What you need to do: Lines from the one containing "this 1456×819 image." through the end of the data below are to be transcribed exactly; leave out all others.
[[ Stored data, beginning ]]
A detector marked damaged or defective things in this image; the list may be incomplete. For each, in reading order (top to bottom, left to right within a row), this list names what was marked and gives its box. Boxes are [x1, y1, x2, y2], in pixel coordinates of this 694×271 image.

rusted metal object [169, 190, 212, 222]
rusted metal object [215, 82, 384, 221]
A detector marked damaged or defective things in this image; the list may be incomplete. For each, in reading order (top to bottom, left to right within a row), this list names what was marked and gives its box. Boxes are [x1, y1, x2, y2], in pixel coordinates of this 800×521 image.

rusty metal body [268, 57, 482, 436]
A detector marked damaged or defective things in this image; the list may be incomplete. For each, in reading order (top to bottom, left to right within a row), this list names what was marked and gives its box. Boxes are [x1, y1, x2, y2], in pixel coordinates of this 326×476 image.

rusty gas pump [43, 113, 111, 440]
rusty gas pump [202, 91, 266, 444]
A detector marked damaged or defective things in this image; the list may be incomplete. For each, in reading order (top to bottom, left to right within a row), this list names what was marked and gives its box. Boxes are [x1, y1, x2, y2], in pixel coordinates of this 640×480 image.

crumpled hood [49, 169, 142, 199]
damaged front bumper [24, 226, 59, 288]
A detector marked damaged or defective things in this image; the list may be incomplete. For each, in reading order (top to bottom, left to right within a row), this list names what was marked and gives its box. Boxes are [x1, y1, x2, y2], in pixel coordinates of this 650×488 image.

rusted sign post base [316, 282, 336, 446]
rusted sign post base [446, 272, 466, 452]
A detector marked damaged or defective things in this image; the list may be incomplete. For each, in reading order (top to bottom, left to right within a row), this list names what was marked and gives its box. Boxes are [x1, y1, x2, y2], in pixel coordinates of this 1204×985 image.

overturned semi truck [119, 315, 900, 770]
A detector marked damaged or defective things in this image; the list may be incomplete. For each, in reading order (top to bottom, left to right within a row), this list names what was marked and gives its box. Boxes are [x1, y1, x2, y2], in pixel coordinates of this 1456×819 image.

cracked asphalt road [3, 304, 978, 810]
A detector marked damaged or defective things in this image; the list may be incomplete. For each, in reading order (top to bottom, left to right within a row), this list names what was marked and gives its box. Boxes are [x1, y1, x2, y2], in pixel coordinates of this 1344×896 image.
[[ Stored data, end ]]
Task output:
A detector marked damaged or defective things in this image; the list may be incomplete. For each, in reading order (top to bottom, left to right within a row), this list names what was marked and gives its box. Boxes are [x1, y1, x2, y2], in pixel coordinates of this 1456×819 image.

cracked asphalt road [3, 304, 978, 810]
A detector marked damaged or defective things in this image; the list may be incomplete. For each, in reading order (top to bottom, left to right within a row), this list names what was marked and gives its box. Boxes are [x1, y1, x2, y2], in pixel coordinates of this 1344×896 image.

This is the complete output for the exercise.